Marie Pinterová
- Full name: Marie Neumannová Pinterová
- Country (sports): Czechoslovakia Hungary
- Born: 16 August 1946 (age 79) Stará Boleslav, Czechoslovakia
- Height: 1.75 m (5 ft 9 in)
- Turned pro: 1969

Singles
- Career record: 12–26
- Career titles: 2
- Highest ranking: No. 47 (year-end 1981)

Grand Slam singles results
- Australian Open: 3R (1980)
- French Open: QF (1974)
- Wimbledon: 2R (1978, 1979, 1981)
- US Open: 3R (1978)

Doubles
- Career record: 14–22
- Highest ranking: No. 303 (5 January 1987)

= Marie Pinterová =

Czech tennis player, later Hungarian

Marie Pinterová (née Neumannová, born 16 August 1946) is a former professional tennis player who played from 1969 to 1989.

==Life==
Marie Neumannová was born in 1946 in Stará Boleslav.

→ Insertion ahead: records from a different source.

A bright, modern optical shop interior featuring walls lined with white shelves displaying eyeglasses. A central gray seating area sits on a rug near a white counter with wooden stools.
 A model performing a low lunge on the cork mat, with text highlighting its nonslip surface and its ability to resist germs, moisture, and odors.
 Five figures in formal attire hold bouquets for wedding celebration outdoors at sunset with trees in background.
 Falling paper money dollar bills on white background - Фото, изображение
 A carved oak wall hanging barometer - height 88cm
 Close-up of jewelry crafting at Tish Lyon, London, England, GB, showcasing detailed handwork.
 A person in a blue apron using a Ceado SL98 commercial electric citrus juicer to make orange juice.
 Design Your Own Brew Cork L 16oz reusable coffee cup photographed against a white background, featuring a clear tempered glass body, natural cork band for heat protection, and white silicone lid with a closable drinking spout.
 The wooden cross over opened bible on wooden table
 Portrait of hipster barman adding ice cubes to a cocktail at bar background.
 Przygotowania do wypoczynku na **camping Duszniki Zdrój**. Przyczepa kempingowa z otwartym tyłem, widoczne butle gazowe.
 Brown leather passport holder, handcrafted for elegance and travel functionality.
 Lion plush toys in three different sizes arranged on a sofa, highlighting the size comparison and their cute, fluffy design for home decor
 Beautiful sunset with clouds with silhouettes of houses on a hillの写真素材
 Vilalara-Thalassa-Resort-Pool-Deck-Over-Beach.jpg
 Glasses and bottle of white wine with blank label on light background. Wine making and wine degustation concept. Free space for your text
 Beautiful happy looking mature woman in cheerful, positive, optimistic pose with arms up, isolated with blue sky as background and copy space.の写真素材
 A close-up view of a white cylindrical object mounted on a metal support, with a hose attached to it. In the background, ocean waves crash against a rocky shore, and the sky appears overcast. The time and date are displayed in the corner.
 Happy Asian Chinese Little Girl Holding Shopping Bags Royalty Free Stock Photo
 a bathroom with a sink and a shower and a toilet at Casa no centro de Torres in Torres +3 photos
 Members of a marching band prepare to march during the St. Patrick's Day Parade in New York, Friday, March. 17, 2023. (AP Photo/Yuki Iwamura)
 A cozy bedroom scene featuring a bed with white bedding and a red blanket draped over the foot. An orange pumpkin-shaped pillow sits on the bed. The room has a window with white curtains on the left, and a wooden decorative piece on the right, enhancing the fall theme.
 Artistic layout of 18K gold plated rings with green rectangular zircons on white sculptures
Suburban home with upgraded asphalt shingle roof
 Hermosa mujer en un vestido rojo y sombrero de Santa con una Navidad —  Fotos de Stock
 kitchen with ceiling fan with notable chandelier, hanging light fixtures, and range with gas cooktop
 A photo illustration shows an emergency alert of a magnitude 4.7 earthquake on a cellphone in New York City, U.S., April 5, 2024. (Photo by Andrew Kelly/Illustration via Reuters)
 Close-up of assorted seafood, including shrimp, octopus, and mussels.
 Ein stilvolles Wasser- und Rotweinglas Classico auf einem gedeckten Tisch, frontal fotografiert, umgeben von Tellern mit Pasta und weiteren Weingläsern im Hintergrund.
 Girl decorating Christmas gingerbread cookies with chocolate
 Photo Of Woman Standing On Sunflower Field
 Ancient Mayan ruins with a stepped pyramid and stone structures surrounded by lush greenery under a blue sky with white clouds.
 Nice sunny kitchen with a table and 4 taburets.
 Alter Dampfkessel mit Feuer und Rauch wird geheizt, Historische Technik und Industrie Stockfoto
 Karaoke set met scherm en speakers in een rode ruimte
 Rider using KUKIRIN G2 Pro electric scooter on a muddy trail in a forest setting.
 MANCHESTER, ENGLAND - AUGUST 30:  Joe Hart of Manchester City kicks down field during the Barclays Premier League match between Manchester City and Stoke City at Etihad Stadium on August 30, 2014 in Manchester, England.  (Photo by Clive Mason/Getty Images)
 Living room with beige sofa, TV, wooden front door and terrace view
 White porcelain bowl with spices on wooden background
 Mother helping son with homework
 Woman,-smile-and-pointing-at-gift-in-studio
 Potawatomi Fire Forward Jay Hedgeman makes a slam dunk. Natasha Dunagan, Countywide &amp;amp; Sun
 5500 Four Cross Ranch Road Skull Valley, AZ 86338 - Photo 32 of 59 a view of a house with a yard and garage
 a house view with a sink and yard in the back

She began her professional career in 1969. In 1974, she married Hungarian engineer András Pintér. They had one son, Karim, in 1976. Pinterová returned to professional tennis at the age of 34 and won the Tokyo title.

==Career==
In 1974, she played the quarterfinals at Roland Garros, her best performance in a single round of the Grand Slam. She won two WTA singles during her career, first in Florida in 1972 (opposite Billie Jean King in the final), the second in Japan in 1981.

During her career, Pinterová won:
- Two Czech Internationals
- Virginia Slims of Jacksonville
- The Cairo Open
- The Japan Open
- The World University Games

She had wins against Martina Navratilova, Sue Barker and Kathy Jordan.

She played on the European senior circuit of the ITF from 1995. She won 11 World singles championship titles and 24 European titles.